=== DATA PROVIDED ===

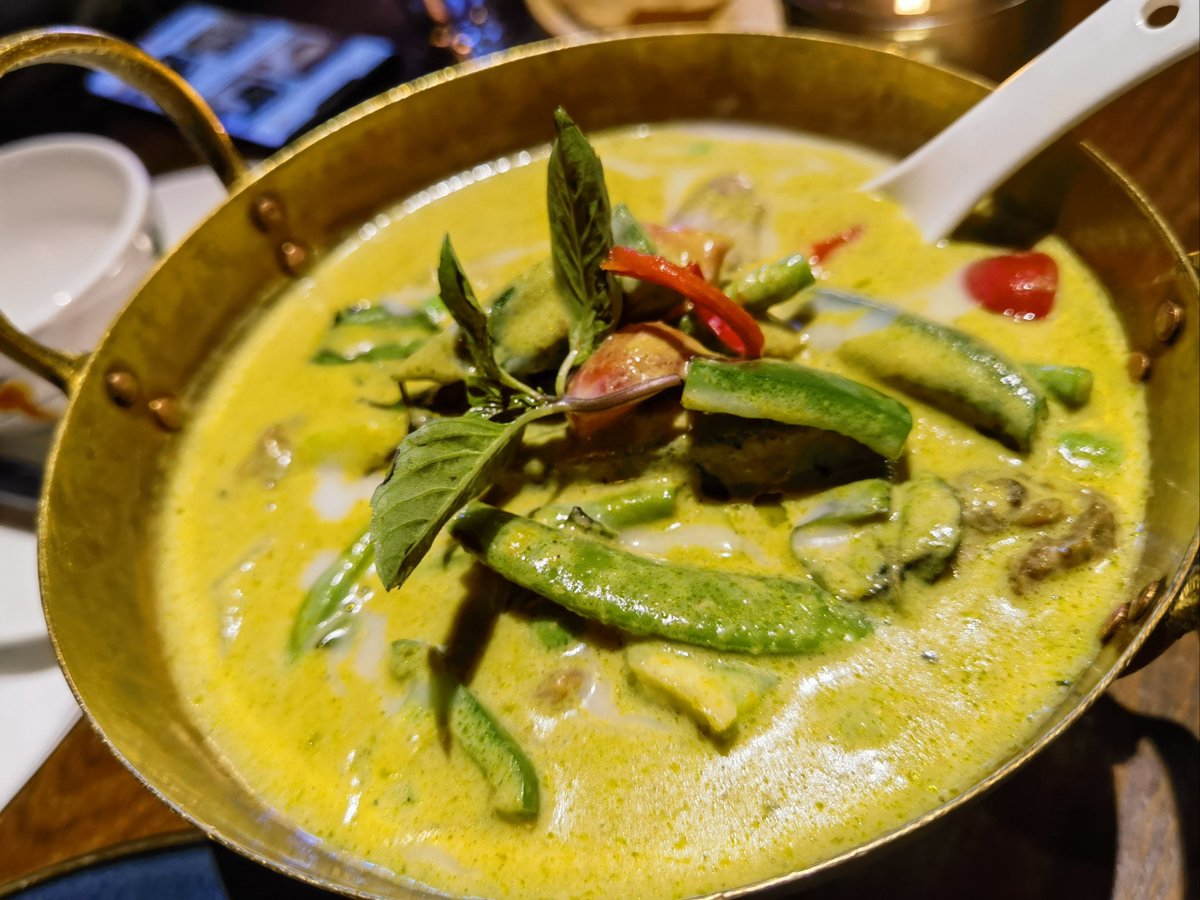 Biotherm007's tweet photo. Dinner upgrade tonight: spicy Thai green curry with fragrant jasmine rice—rich coconut milk, fresh basil, and a hint of kaffir lime leaves that’s pure Southeast Asian flavor perfection. https://t.co/XMPitvutgt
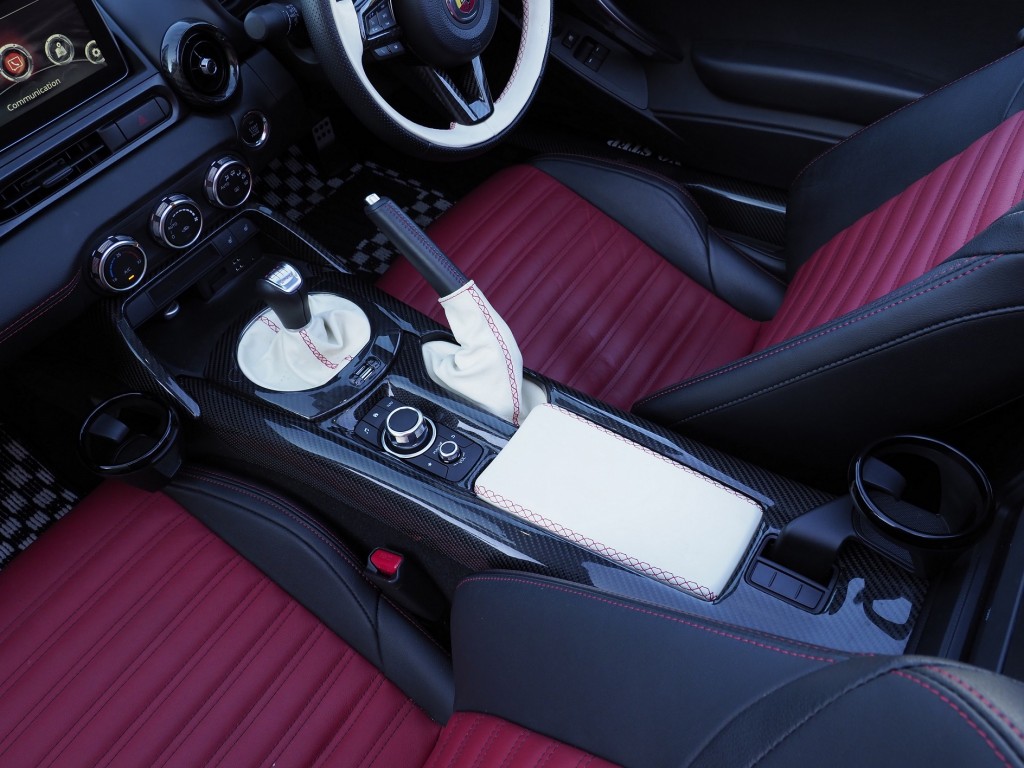 アバルト124スパイダー カーボンセンターコンソール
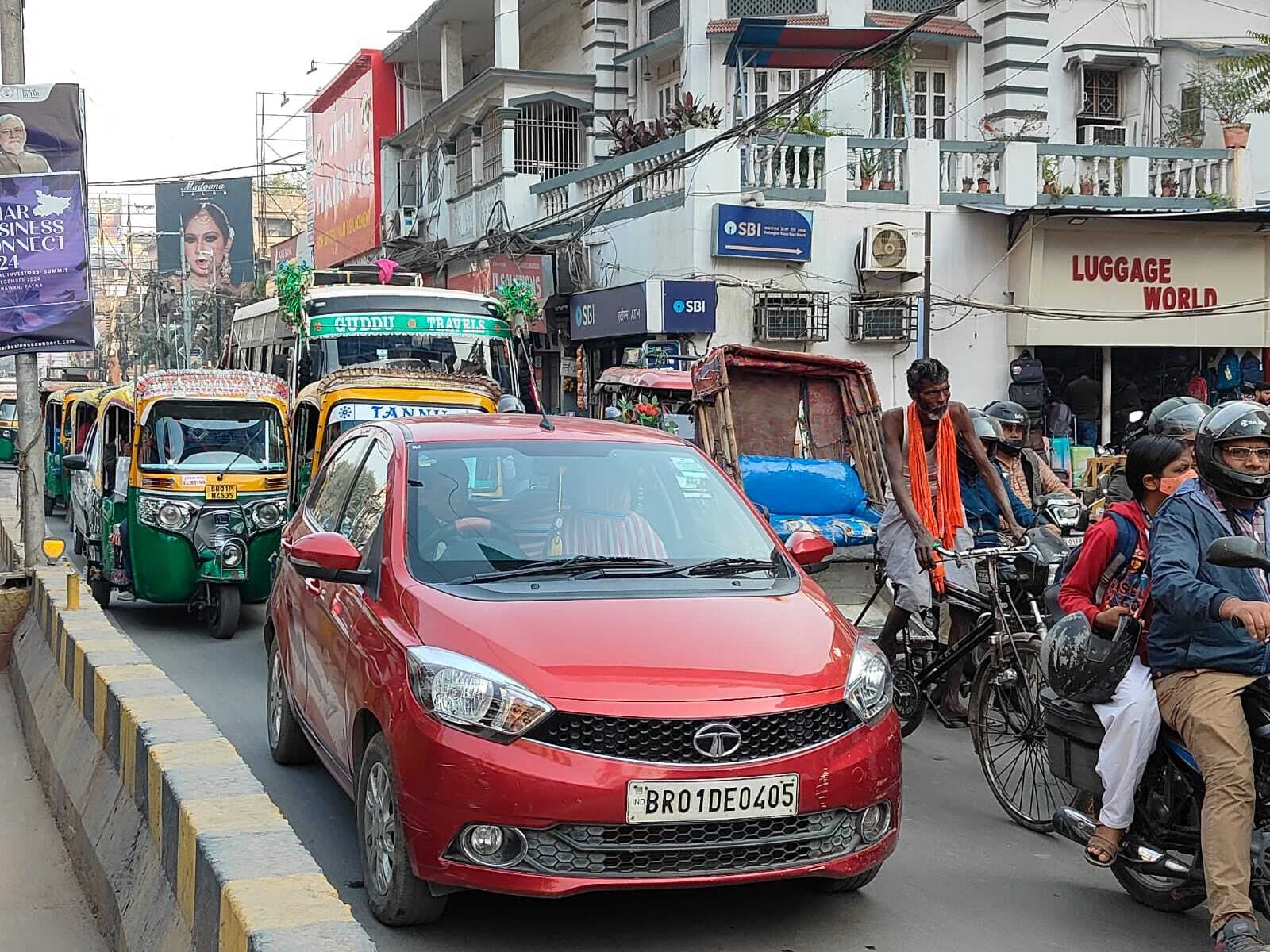Patna News : जीरो माइल से सुबह छह बजे के बाद शहर में प्रवेश नहीं कर पायेंगे बड़े वाहन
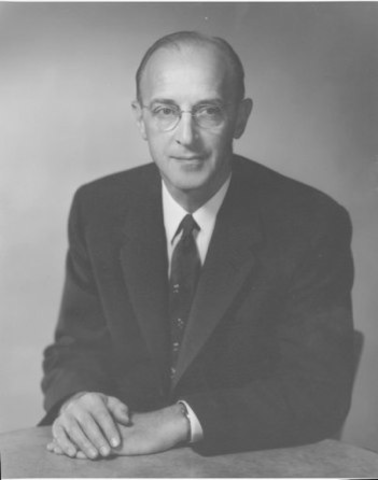 En el campo de la psicología clínica, el enfoque centrado en la persona fundado por Carl Rogers, surgió como un modelo de psicoterapia estructurado en los principios de la corriente del pensamiento derivada de la psicología existencial-humansita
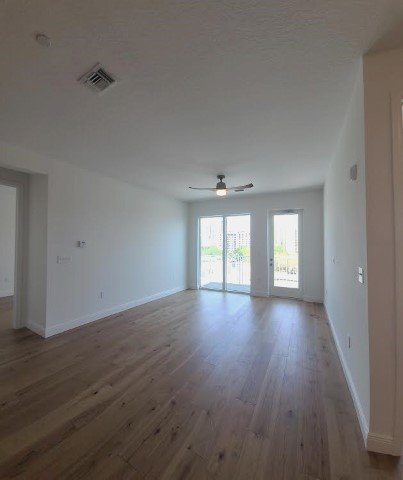 Newer 2/2 Condo In Downtown St Petersburg! property image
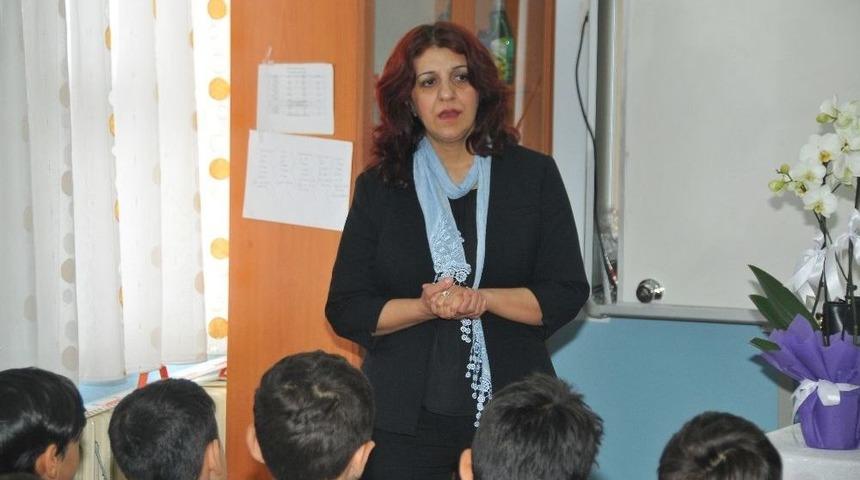 Yazar K&uuml;&ccedil;&uuml;kkaraca 9 Okulda &Ouml;ğrencilerle Buluşuyor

===

◆ WHAT YOU WILL DO: Word for word, restate the lines from the one containing "Patna News : जीरो" through the end of the listing, and nothing more. Skip the pictures.

◆ EXERCISE ANSWER:
Patna News : जीरो माइल से सुबह छह बजे के बाद शहर में प्रवेश नहीं कर पायेंगे बड़े वाहन
 En el campo de la psicología clínica, el enfoque centrado en la persona fundado por Carl Rogers, surgió como un modelo de psicoterapia estructurado en los principios de la corriente del pensamiento derivada de la psicología existencial-humansita
 Newer 2/2 Condo In Downtown St Petersburg! property image
 Yazar K&uuml;&ccedil;&uuml;kkaraca 9 Okulda &Ouml;ğrencilerle Buluşuyor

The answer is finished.